El primer personaje le promete: «Te seguiré adonde quiera que vayas» (v. 57). ¡Generoso! Pero Jesús responde que el Hijo del hombre, a diferencia de las zorras que tienen sus madrigueras y los pájaros que tienen sus nidos, «no tiene dónde reclinar la cabeza» (v. 58). La pobreza absoluta de Jesús. Jesús, de hecho, dejó la casa paterna y renunció a toda seguridad para anunciar el Reino de Dios a las ovejas perdidas de su pueblo. Así Jesús nos indica a sus discípulos que nuestra misión en el mundo no puede ser estática, sino itinerante. El cristiano es un itinerante. La Iglesia por naturaleza está en movimiento, no se queda sedentaria y tranquila en su recinto.

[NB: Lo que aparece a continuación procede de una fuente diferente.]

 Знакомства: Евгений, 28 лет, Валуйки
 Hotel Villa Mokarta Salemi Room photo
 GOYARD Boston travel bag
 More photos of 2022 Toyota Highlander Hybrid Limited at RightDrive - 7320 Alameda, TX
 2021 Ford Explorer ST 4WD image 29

Está abierta a los más vastos horizontes, enviada –¡la Iglesia es enviada!– a llevar el Evangelio por las calles y llegar a las periferias humanas y existenciales. Ese es el primer personaje.
El segundo personaje que Jesús encuentra recibe directamente de Él la llamada, pero responde: «Señor, déjame primero ir a enterrar a mi padre» (v. 59). Es una petición legítima, fundada en el mandamiento de honrar al padre y a la madre (cfr. Ex 20,12). Sin embargo Jesús replica: «Deja que los muertos entierren a sus muertos» (v. 60). Con estas palabras, claramente provocativas, pretende afirmar el primado del seguimiento y del anuncio del Reino de Dios, incluso sobre las realidades más importantes, como la familia. La urgencia de comunicar el Evangelio, que rompe la cadena de la muerte e inaugura la vida eterna, no admite retrasos, sino que requiere prontitud y disponibilidad. Así pues, la Iglesia es itinerante, y aquí la Iglesia es decidida, actúa de prisa, al momento, sin esperar.

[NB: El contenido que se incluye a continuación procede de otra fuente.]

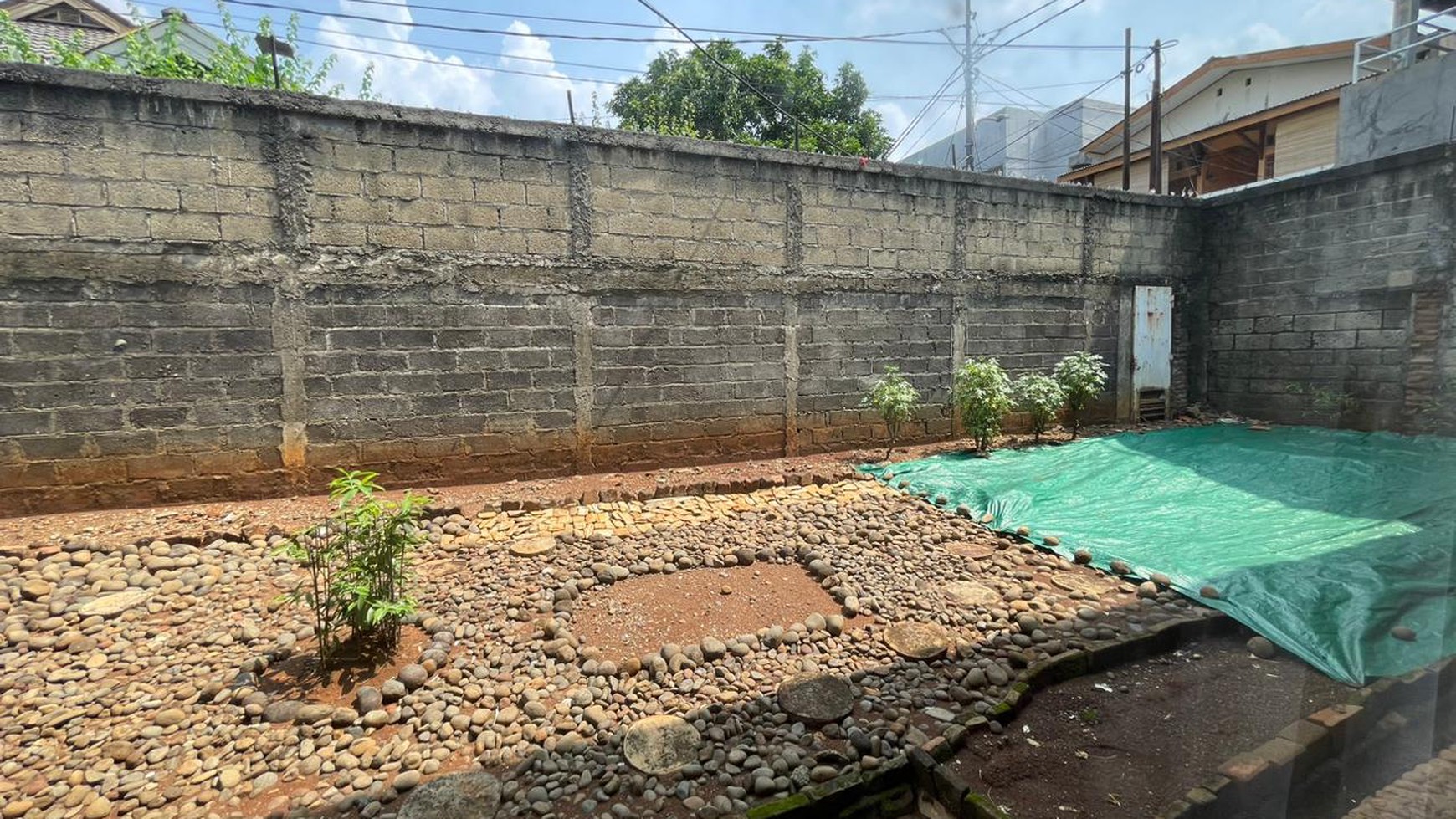 Rumah 2 Lantai Halaman Luas di Mampang Prapatan, Jakarta Selatan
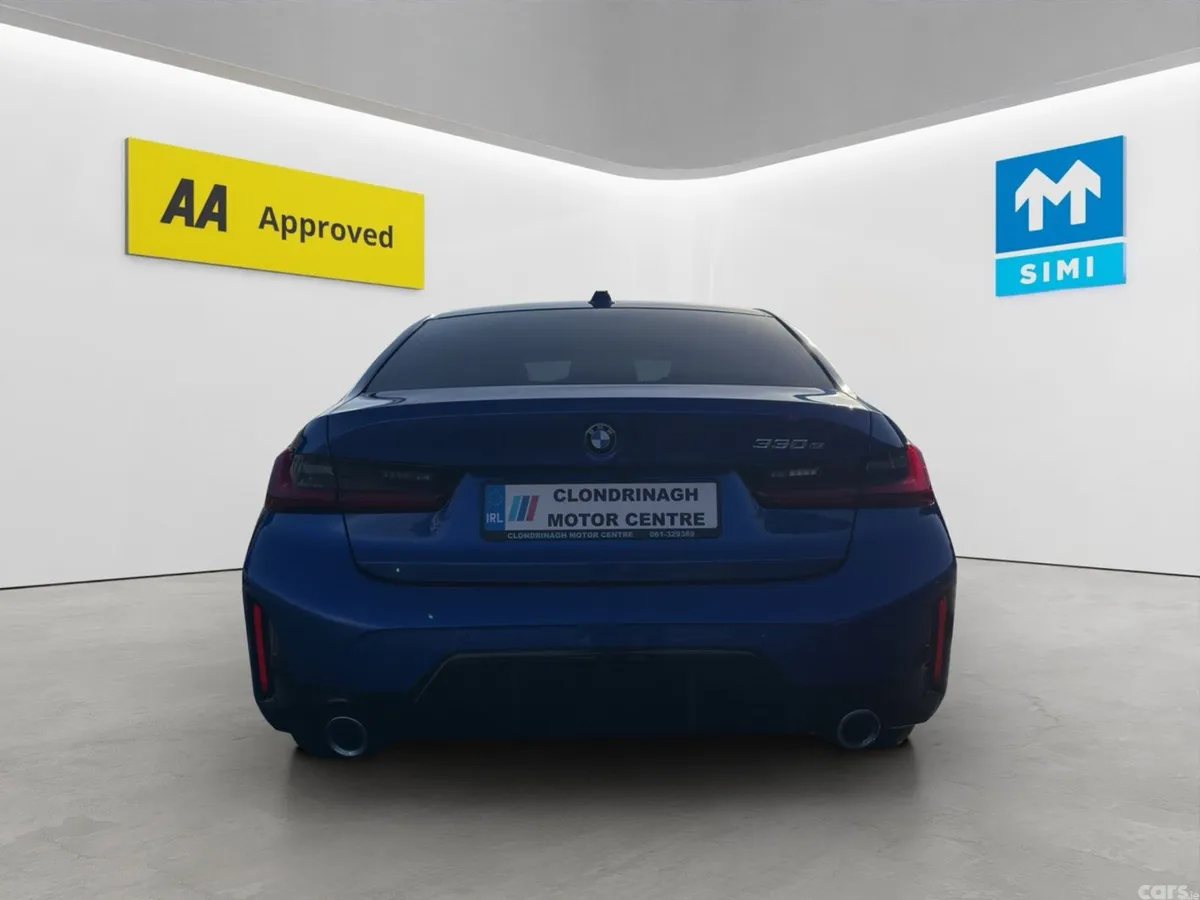 BMW 3-Series Saloon, Petrol Hybrid, 2023, Blue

El tercer personaje quiere también seguir a Jesús pero con una condición: lo hará después de ir a despedirse de sus parientes. Y este oye decir al Maestro: «Nadie que pone la mano en el arado y mira hacia atrás vale para el reino de Dios» (v. 62). Seguir a Jesús excluye lamentos y miradas atrás, requiere la virtud de la decisión.

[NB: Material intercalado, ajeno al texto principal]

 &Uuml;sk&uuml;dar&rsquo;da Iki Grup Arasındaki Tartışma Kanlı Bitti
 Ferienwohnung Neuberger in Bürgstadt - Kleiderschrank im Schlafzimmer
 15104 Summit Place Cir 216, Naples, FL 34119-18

La Iglesia, para seguir a Jesús, es itinerante, actúa en seguida, de prisa, y decidida. El valor de estas condiciones puestas por Jesús –vida itinerante, prontitud y decisión– no está en una serie de “noes” dichos a cosas buenas e importantes de la vida. El acento, más bien, se pone en el objetivo principal: ¡ser discípulo de Cristo! Una elección libre y consciente, hecha por amor, para corresponder a la gracia inestimable de Dios, y no hecha como un modo de promoverse a uno mismo. ¡Es triste esto! Ay de los que piensan seguir a Jesús para subir, para hacer carrera, para sentirse importantes o conseguir un puesto de prestigio. Jesús nos quiere apasionados de Él y del Evangelio. Una pasión del corazón que se traduce en gestos concretos de proximidad, de cercanía a los hermanos más necesitados de acogida y de atención. Justo como Él mismo vivió.
Que la Virgen María, imagen de la Iglesia en camino, nos ayude a seguir con alegría al Señor Jesús y a anunciar a los hermanos, con renovado amor, la Buena Noticia de la salvación.